Real-world droxidopa or midodrine treatment persistence in patients with neurogenic orthostatic hypotension or orthostatic hypotension.Auton Neurosci. 2020 Feb 28; 225:102659.AN
Neurogenic orthostatic hypotension (nOH) is a subtype of orthostatic hypotension (OH) observed in the presence of neuropathy and is associated with increased risk of falling, impaired function, and poor quality of life. Droxidopa and midodrine are approved in the United States to treat symptomatic nOH and OH in adults, respectively. In this study, we compared the treatment persistence of droxidopa and midodrine.

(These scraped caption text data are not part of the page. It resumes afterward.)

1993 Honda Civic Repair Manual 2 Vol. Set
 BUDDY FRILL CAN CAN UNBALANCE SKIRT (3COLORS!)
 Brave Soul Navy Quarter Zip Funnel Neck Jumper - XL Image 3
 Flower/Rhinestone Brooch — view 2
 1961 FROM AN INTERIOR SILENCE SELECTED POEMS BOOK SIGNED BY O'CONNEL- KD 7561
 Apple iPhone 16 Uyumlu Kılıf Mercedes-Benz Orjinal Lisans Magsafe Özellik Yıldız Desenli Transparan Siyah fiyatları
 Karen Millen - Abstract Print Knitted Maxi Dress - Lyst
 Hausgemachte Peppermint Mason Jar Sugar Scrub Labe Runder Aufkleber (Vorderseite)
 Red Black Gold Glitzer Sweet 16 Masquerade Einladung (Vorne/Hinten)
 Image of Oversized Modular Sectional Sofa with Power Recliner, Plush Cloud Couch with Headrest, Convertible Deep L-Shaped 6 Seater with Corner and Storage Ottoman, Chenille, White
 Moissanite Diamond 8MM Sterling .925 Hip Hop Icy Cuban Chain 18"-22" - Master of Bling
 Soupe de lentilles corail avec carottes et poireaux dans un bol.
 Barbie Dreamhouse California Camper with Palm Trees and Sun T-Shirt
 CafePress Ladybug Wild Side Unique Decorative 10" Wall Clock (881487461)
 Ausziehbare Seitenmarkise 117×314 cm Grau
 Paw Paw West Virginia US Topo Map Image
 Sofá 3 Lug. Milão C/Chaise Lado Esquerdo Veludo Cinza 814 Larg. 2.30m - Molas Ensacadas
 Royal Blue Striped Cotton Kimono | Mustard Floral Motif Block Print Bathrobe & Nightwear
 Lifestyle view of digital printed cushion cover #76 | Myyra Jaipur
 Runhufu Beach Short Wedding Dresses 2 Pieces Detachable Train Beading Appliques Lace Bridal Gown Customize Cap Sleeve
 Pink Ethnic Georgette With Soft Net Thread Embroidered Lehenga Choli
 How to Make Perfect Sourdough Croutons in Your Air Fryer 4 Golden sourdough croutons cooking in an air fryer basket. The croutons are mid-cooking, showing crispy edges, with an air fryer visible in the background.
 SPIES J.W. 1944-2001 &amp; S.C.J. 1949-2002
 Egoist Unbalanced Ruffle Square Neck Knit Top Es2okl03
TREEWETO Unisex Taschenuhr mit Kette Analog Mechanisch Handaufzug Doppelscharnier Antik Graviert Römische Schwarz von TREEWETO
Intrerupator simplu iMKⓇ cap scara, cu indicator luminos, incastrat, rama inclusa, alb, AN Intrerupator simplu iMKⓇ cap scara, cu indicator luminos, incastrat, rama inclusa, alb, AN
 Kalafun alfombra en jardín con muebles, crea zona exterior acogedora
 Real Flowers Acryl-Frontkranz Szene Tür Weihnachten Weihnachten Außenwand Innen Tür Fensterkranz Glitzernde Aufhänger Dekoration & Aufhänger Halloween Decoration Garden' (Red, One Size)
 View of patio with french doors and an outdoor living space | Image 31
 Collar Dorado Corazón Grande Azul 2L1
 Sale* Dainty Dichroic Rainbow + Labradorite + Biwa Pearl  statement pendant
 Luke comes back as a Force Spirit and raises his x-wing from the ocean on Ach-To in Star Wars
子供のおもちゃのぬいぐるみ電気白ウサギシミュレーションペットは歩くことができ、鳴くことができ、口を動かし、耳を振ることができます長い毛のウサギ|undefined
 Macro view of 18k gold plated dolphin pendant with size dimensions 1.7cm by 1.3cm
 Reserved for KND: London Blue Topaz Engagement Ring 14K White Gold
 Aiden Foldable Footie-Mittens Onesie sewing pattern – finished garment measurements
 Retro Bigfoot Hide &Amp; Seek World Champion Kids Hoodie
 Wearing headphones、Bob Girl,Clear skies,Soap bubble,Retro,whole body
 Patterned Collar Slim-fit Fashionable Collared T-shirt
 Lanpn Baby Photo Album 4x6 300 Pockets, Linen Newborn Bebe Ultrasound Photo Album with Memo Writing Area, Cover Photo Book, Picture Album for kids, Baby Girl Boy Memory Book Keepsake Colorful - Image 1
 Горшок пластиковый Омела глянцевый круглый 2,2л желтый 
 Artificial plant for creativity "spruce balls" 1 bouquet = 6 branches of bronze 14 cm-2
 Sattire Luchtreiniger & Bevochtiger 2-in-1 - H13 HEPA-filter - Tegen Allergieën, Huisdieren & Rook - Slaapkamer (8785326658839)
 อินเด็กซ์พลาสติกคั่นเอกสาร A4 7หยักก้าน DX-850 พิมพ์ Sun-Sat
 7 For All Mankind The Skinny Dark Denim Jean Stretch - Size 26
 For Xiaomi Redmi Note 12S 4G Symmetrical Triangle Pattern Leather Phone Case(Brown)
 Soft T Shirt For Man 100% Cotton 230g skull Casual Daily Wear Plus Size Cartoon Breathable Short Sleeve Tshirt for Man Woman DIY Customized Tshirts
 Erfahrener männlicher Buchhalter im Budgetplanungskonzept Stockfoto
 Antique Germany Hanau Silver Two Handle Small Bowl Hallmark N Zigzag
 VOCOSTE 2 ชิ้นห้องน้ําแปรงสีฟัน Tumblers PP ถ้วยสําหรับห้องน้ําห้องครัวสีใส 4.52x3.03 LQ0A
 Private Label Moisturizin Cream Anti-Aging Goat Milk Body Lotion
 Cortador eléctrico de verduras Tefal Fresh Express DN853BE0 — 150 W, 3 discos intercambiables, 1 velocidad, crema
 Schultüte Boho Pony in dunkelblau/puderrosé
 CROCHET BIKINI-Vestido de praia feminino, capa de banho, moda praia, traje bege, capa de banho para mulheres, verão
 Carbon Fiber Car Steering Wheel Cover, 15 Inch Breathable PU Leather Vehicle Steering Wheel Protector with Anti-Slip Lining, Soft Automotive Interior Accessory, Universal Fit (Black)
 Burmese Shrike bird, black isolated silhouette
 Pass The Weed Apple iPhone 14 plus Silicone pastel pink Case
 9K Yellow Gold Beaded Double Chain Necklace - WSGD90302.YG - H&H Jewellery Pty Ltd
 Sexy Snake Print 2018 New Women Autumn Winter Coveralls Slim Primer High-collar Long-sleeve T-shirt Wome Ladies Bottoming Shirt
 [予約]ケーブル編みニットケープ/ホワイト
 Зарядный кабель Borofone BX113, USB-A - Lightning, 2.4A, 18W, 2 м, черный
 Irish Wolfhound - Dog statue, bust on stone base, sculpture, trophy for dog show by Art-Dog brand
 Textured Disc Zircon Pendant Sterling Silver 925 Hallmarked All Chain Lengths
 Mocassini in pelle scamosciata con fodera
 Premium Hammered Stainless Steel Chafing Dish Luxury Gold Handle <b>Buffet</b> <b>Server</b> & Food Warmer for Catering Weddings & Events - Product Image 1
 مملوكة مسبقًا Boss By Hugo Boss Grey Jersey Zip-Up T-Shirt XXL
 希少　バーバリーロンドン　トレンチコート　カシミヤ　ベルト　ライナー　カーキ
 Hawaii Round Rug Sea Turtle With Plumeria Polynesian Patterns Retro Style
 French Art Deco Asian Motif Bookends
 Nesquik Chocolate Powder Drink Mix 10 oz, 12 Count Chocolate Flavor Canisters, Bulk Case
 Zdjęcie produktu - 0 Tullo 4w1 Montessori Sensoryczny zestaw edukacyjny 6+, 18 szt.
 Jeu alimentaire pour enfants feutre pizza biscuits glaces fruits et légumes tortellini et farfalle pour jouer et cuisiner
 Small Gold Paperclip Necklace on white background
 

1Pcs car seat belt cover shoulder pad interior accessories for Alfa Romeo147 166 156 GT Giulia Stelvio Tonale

A retrospective analysis of patients prescribed either droxidopa or midodrine was conducted using the Symphony Health Solutions database (Symphony Health Solutions, Phoenix, AZ, USA). Inclusion criteria were (1) a pharmacy insurance claim in at least 16 consecutive quarters from mid-2014 to 2018 and (2) an active prescription for droxidopa or midodrine of ≥30 days' duration during that period. Treatment persistence was defined as the time to the first break in drug coverage of ≥45 days and was capped at 365 days.
Data from 2305 patients who received droxidopa and 117,243 patients who received midodrine were included in this analysis. Median (95% CI) treatment persistence was significantly longer in the droxidopa cohort versus the midodrine cohort (303 [274-325] vs 172 [169-176] days; P < 0.001). After adjustment for confounding factors, patients using droxidopa monotherapy (i.e., without any concomitant midodrine and/or fludrocortisone use) were 16% more likely to be persistent at any time point than patients using midodrine (P < 0.001).
In this real-world data analysis, patients using droxidopa without concomitant medications for OH were more likely to remain on treatment than patients on midodrine.